Your goal: Could you reproduce, from the records below, everything from the line with "Antique Hand Carved" down to the line with "Thank You Sticker", keeping both of those lines and changing nothing?

Supplied material:
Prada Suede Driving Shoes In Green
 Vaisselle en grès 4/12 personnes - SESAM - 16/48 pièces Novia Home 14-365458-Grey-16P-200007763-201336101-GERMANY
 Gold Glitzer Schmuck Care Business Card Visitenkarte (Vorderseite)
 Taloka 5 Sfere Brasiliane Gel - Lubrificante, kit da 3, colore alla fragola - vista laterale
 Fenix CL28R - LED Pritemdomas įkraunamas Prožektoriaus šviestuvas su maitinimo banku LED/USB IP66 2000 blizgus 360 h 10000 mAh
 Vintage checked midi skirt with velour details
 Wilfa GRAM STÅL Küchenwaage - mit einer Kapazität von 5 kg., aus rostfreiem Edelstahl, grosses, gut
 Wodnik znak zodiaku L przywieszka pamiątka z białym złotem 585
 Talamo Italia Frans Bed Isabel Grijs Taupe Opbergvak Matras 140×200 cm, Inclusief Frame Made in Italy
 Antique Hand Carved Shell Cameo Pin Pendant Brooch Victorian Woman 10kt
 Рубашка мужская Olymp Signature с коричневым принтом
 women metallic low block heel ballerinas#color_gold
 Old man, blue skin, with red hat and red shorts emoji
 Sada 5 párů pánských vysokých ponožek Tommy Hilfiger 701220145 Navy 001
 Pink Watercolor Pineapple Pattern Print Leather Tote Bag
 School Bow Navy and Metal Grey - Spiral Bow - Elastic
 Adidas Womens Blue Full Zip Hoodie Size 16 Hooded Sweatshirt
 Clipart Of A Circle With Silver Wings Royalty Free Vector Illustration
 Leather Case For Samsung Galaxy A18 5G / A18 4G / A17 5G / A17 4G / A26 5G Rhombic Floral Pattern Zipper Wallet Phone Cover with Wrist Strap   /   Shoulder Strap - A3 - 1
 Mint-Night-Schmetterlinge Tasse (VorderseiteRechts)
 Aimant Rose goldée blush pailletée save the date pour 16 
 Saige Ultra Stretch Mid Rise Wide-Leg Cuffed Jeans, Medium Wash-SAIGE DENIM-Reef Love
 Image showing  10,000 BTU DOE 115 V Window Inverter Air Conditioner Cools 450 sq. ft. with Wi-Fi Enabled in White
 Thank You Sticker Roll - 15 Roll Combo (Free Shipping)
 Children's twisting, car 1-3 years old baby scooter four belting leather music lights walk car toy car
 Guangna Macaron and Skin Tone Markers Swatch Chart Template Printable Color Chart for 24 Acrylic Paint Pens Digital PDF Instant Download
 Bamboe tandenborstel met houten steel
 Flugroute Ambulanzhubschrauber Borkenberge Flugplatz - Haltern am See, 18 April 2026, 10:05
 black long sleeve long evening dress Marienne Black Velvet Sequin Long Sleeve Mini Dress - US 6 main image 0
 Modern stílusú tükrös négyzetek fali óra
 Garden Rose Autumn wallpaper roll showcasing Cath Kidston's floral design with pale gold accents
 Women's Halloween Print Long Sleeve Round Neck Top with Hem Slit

Exercise output:
 Antique Hand Carved Shell Cameo Pin Pendant Brooch Victorian Woman 10kt
 Рубашка мужская Olymp Signature с коричневым принтом
 women metallic low block heel ballerinas#color_gold
 Old man, blue skin, with red hat and red shorts emoji
 Sada 5 párů pánských vysokých ponožek Tommy Hilfiger 701220145 Navy 001
 Pink Watercolor Pineapple Pattern Print Leather Tote Bag
 School Bow Navy and Metal Grey - Spiral Bow - Elastic
 Adidas Womens Blue Full Zip Hoodie Size 16 Hooded Sweatshirt
 Clipart Of A Circle With Silver Wings Royalty Free Vector Illustration
 Leather Case For Samsung Galaxy A18 5G / A18 4G / A17 5G / A17 4G / A26 5G Rhombic Floral Pattern Zipper Wallet Phone Cover with Wrist Strap   /   Shoulder Strap - A3 - 1
 Mint-Night-Schmetterlinge Tasse (VorderseiteRechts)
 Aimant Rose goldée blush pailletée save the date pour 16 
 Saige Ultra Stretch Mid Rise Wide-Leg Cuffed Jeans, Medium Wash-SAIGE DENIM-Reef Love
 Image showing  10,000 BTU DOE 115 V Window Inverter Air Conditioner Cools 450 sq. ft. with Wi-Fi Enabled in White
 Thank You Sticker Roll - 15 Roll Combo (Free Shipping)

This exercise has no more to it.